[SUPPLIED DATA]

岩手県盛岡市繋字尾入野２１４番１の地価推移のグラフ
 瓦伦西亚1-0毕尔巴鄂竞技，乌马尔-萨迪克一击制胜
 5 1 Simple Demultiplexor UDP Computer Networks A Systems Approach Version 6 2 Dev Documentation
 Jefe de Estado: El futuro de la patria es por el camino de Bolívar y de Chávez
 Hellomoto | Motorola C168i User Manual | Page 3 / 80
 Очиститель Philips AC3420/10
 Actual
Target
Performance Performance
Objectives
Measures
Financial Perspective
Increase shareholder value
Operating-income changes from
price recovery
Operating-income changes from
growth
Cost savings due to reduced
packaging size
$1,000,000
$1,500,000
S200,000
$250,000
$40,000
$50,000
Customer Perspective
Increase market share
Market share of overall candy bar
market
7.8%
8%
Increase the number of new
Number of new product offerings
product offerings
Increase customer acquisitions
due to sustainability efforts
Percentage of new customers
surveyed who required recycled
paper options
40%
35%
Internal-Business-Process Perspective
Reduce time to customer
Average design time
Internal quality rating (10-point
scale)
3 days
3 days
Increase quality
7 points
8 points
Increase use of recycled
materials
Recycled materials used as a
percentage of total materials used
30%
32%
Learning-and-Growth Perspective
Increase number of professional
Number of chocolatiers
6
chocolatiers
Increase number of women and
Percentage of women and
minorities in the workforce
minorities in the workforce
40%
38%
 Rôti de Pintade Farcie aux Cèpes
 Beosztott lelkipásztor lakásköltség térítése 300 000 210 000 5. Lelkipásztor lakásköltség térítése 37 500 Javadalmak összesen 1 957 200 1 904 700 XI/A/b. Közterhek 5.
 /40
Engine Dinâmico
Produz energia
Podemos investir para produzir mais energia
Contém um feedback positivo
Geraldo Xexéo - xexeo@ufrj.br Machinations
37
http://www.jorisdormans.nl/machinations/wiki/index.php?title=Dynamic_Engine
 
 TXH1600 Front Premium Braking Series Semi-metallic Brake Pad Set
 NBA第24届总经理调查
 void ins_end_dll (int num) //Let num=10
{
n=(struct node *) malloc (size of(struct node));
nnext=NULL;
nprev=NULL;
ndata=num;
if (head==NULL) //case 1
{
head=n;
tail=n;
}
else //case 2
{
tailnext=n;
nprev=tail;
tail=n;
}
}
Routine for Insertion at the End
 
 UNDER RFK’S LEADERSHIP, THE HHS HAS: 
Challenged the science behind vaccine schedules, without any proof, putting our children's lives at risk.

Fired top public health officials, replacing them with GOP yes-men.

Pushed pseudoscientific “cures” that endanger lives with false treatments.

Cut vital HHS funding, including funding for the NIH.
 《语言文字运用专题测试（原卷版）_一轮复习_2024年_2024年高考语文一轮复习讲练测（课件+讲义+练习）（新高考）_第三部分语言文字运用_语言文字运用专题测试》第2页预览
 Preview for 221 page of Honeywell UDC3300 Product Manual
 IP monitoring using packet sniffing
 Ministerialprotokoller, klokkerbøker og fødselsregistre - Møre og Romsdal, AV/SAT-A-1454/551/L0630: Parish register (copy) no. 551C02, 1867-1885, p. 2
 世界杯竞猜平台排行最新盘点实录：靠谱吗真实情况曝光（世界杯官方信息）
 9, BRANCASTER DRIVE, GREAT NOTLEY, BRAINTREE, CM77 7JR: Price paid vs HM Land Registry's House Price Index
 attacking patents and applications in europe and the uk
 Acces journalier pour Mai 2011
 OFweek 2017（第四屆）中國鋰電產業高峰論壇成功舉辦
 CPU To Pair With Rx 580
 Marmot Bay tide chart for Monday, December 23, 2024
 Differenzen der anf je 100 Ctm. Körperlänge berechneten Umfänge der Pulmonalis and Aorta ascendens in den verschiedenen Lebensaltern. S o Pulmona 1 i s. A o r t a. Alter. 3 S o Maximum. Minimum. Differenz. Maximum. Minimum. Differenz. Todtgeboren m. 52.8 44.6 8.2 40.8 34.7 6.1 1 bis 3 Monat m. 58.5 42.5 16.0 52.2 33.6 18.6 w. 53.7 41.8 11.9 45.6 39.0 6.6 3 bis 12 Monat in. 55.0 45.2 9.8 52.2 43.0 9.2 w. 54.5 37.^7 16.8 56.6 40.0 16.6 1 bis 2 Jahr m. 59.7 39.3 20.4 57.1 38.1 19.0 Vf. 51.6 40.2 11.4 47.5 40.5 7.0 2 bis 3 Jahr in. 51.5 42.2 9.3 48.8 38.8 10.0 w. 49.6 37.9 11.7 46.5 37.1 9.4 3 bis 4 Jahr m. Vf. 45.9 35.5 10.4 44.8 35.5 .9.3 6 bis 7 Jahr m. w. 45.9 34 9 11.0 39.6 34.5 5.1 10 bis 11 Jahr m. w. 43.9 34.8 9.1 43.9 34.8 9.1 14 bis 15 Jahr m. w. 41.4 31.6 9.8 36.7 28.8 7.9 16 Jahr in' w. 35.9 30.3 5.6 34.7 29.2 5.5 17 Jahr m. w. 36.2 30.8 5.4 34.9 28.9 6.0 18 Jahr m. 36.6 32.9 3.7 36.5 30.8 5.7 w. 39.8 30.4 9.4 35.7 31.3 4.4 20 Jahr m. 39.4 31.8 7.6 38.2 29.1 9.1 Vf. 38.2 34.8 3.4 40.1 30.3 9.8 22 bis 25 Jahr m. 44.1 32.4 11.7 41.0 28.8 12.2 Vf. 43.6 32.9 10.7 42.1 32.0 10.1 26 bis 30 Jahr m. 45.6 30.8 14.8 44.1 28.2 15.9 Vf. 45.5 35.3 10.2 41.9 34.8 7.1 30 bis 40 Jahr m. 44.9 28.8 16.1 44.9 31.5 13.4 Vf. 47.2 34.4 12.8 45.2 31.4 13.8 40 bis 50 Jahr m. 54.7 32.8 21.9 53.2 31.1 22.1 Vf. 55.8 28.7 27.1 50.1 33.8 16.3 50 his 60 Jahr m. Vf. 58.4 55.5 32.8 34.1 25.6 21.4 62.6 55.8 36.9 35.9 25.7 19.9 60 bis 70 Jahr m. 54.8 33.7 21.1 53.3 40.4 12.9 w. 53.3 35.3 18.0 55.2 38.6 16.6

[/SUPPLIED DATA]

EXERCISE GOAL =>
Exactly as written, transcribe each line of the data.

FINISHED EXERCISE =>
岩手県盛岡市繋字尾入野２１４番１の地価推移のグラフ
 瓦伦西亚1-0毕尔巴鄂竞技，乌马尔-萨迪克一击制胜
 5 1 Simple Demultiplexor UDP Computer Networks A Systems Approach Version 6 2 Dev Documentation
 Jefe de Estado: El futuro de la patria es por el camino de Bolívar y de Chávez
 Hellomoto | Motorola C168i User Manual | Page 3 / 80
 Очиститель Philips AC3420/10
 Actual
Target
Performance Performance
Objectives
Measures
Financial Perspective
Increase shareholder value
Operating-income changes from
price recovery
Operating-income changes from
growth
Cost savings due to reduced
packaging size
$1,000,000
$1,500,000
S200,000
$250,000
$40,000
$50,000
Customer Perspective
Increase market share
Market share of overall candy bar
market
7.8%
8%
Increase the number of new
Number of new product offerings
product offerings
Increase customer acquisitions
due to sustainability efforts
Percentage of new customers
surveyed who required recycled
paper options
40%
35%
Internal-Business-Process Perspective
Reduce time to customer
Average design time
Internal quality rating (10-point
scale)
3 days
3 days
Increase quality
7 points
8 points
Increase use of recycled
materials
Recycled materials used as a
percentage of total materials used
30%
32%
Learning-and-Growth Perspective
Increase number of professional
Number of chocolatiers
6
chocolatiers
Increase number of women and
Percentage of women and
minorities in the workforce
minorities in the workforce
40%
38%
 Rôti de Pintade Farcie aux Cèpes
 Beosztott lelkipásztor lakásköltség térítése 300 000 210 000 5. Lelkipásztor lakásköltség térítése 37 500 Javadalmak összesen 1 957 200 1 904 700 XI/A/b. Közterhek 5.
 /40
Engine Dinâmico
Produz energia
Podemos investir para produzir mais energia
Contém um feedback positivo
Geraldo Xexéo - xexeo@ufrj.br Machinations
37
http://www.jorisdormans.nl/machinations/wiki/index.php?title=Dynamic_Engine
 
 TXH1600 Front Premium Braking Series Semi-metallic Brake Pad Set
 NBA第24届总经理调查
 void ins_end_dll (int num) //Let num=10
{
n=(struct node *) malloc (size of(struct node));
nnext=NULL;
nprev=NULL;
ndata=num;
if (head==NULL) //case 1
{
head=n;
tail=n;
}
else //case 2
{
tailnext=n;
nprev=tail;
tail=n;
}
}
Routine for Insertion at the End
 
 UNDER RFK’S LEADERSHIP, THE HHS HAS: 
Challenged the science behind vaccine schedules, without any proof, putting our children's lives at risk.

Fired top public health officials, replacing them with GOP yes-men.

Pushed pseudoscientific “cures” that endanger lives with false treatments.

Cut vital HHS funding, including funding for the NIH.
 《语言文字运用专题测试（原卷版）_一轮复习_2024年_2024年高考语文一轮复习讲练测（课件+讲义+练习）（新高考）_第三部分语言文字运用_语言文字运用专题测试》第2页预览
 Preview for 221 page of Honeywell UDC3300 Product Manual
 IP monitoring using packet sniffing
 Ministerialprotokoller, klokkerbøker og fødselsregistre - Møre og Romsdal, AV/SAT-A-1454/551/L0630: Parish register (copy) no. 551C02, 1867-1885, p. 2
 世界杯竞猜平台排行最新盘点实录：靠谱吗真实情况曝光（世界杯官方信息）
 9, BRANCASTER DRIVE, GREAT NOTLEY, BRAINTREE, CM77 7JR: Price paid vs HM Land Registry's House Price Index
 attacking patents and applications in europe and the uk
 Acces journalier pour Mai 2011
 OFweek 2017（第四屆）中國鋰電產業高峰論壇成功舉辦
 CPU To Pair With Rx 580
 Marmot Bay tide chart for Monday, December 23, 2024
 Differenzen der anf je 100 Ctm. Körperlänge berechneten Umfänge der Pulmonalis and Aorta ascendens in den verschiedenen Lebensaltern. S o Pulmona 1 i s. A o r t a. Alter. 3 S o Maximum. Minimum. Differenz. Maximum. Minimum. Differenz. Todtgeboren m. 52.8 44.6 8.2 40.8 34.7 6.1 1 bis 3 Monat m. 58.5 42.5 16.0 52.2 33.6 18.6 w. 53.7 41.8 11.9 45.6 39.0 6.6 3 bis 12 Monat in. 55.0 45.2 9.8 52.2 43.0 9.2 w. 54.5 37.^7 16.8 56.6 40.0 16.6 1 bis 2 Jahr m. 59.7 39.3 20.4 57.1 38.1 19.0 Vf. 51.6 40.2 11.4 47.5 40.5 7.0 2 bis 3 Jahr in. 51.5 42.2 9.3 48.8 38.8 10.0 w. 49.6 37.9 11.7 46.5 37.1 9.4 3 bis 4 Jahr m. Vf. 45.9 35.5 10.4 44.8 35.5 .9.3 6 bis 7 Jahr m. w. 45.9 34 9 11.0 39.6 34.5 5.1 10 bis 11 Jahr m. w. 43.9 34.8 9.1 43.9 34.8 9.1 14 bis 15 Jahr m. w. 41.4 31.6 9.8 36.7 28.8 7.9 16 Jahr in' w. 35.9 30.3 5.6 34.7 29.2 5.5 17 Jahr m. w. 36.2 30.8 5.4 34.9 28.9 6.0 18 Jahr m. 36.6 32.9 3.7 36.5 30.8 5.7 w. 39.8 30.4 9.4 35.7 31.3 4.4 20 Jahr m. 39.4 31.8 7.6 38.2 29.1 9.1 Vf. 38.2 34.8 3.4 40.1 30.3 9.8 22 bis 25 Jahr m. 44.1 32.4 11.7 41.0 28.8 12.2 Vf. 43.6 32.9 10.7 42.1 32.0 10.1 26 bis 30 Jahr m. 45.6 30.8 14.8 44.1 28.2 15.9 Vf. 45.5 35.3 10.2 41.9 34.8 7.1 30 bis 40 Jahr m. 44.9 28.8 16.1 44.9 31.5 13.4 Vf. 47.2 34.4 12.8 45.2 31.4 13.8 40 bis 50 Jahr m. 54.7 32.8 21.9 53.2 31.1 22.1 Vf. 55.8 28.7 27.1 50.1 33.8 16.3 50 his 60 Jahr m. Vf. 58.4 55.5 32.8 34.1 25.6 21.4 62.6 55.8 36.9 35.9 25.7 19.9 60 bis 70 Jahr m. 54.8 33.7 21.1 53.3 40.4 12.9 w. 53.3 35.3 18.0 55.2 38.6 16.6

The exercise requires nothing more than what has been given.